------ Given data

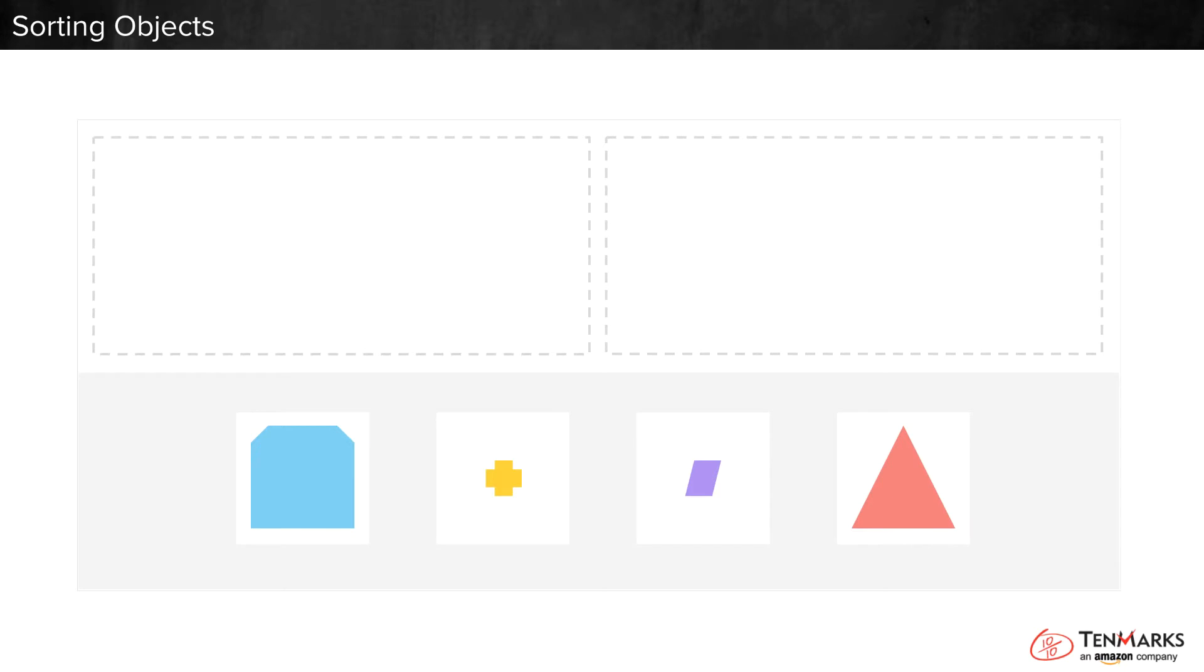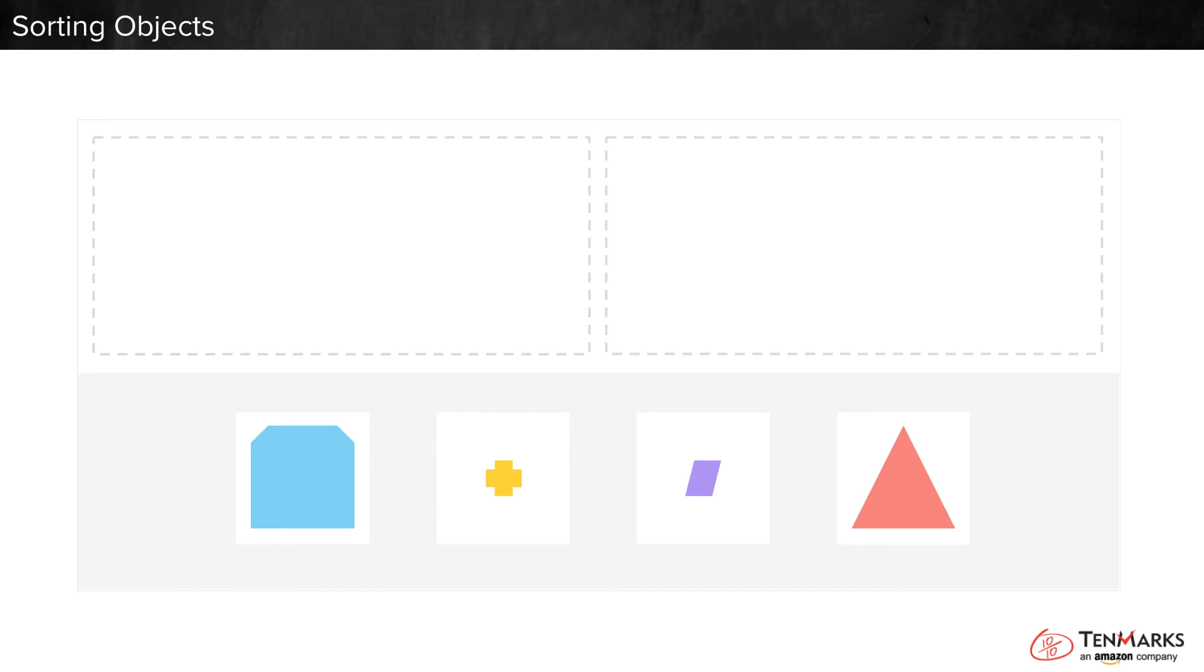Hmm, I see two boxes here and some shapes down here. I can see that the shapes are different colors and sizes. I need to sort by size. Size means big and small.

------------
------ Given data

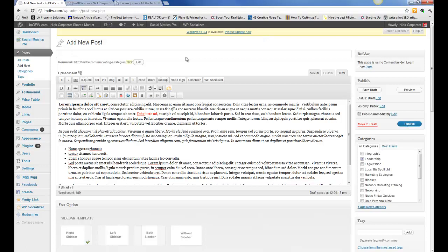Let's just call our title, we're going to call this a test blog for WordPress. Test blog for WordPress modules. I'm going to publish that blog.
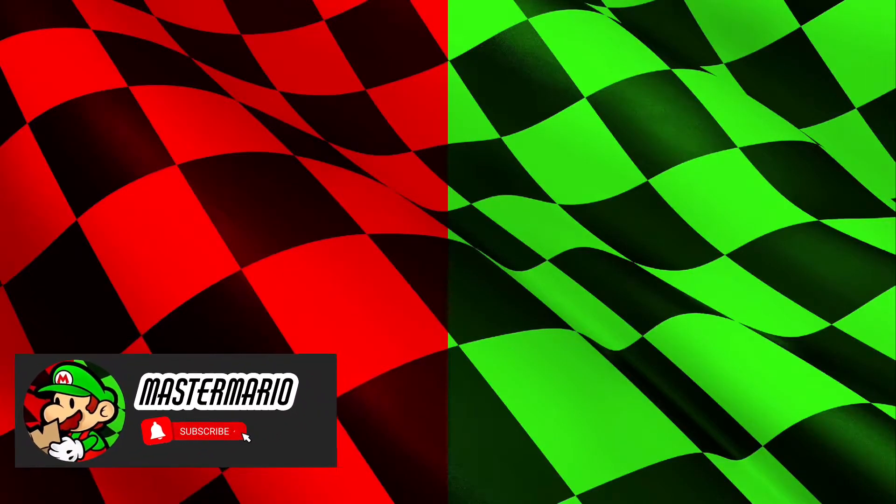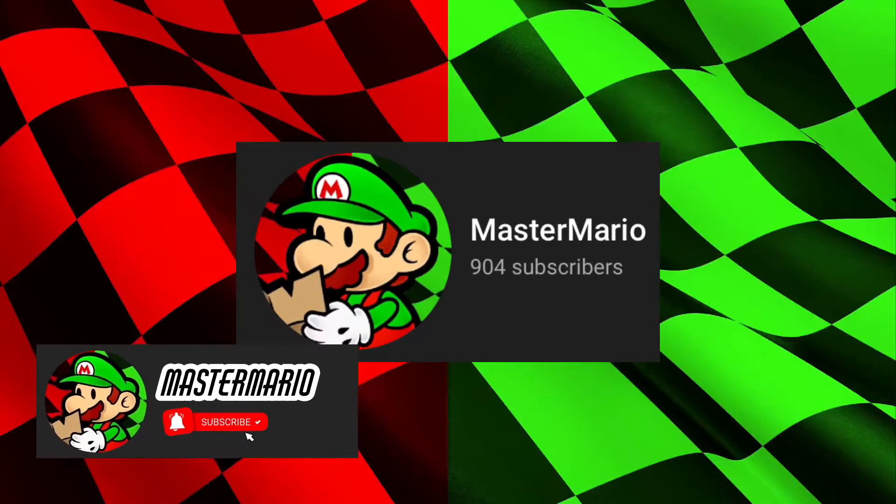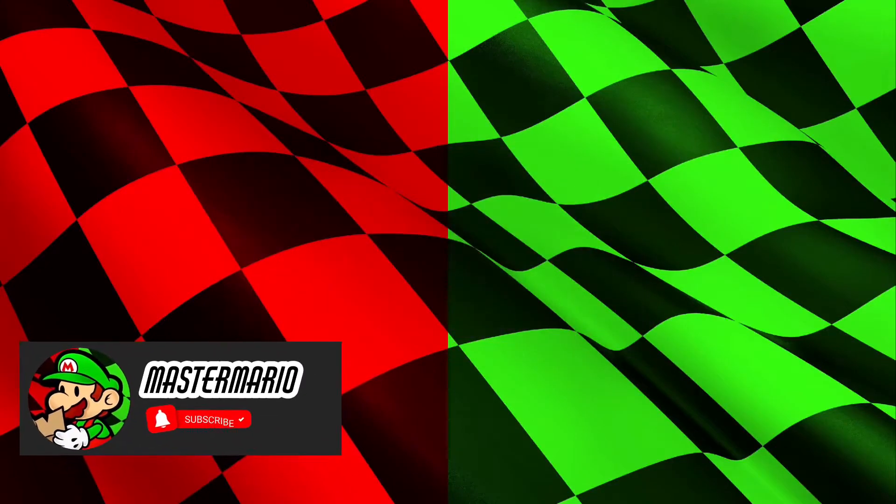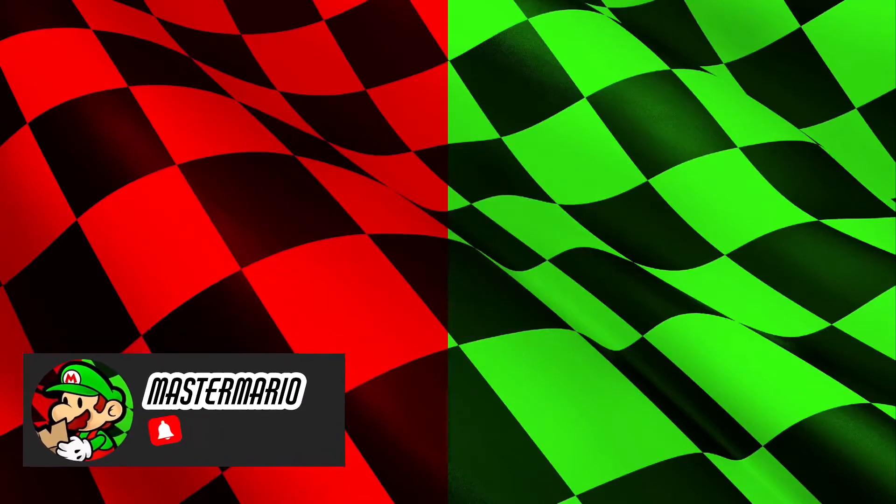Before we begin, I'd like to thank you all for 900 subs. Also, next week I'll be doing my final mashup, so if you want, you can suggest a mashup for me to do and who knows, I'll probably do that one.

------------

Beginning with the line that contains "Let's just call", write out the lines of the material above exactly, and end with the line that contains "Before we begin, I'd". Omit the pictures.

Let's just call our title, we're going to call this a test blog for WordPress. Test blog for WordPress modules. I'm going to publish that blog.
Before we begin, I'd like to thank you all for 900 subs. Also, next week I'll be doing my final mashup, so if you want, you can suggest a mashup for me to do and who knows, I'll probably do that one.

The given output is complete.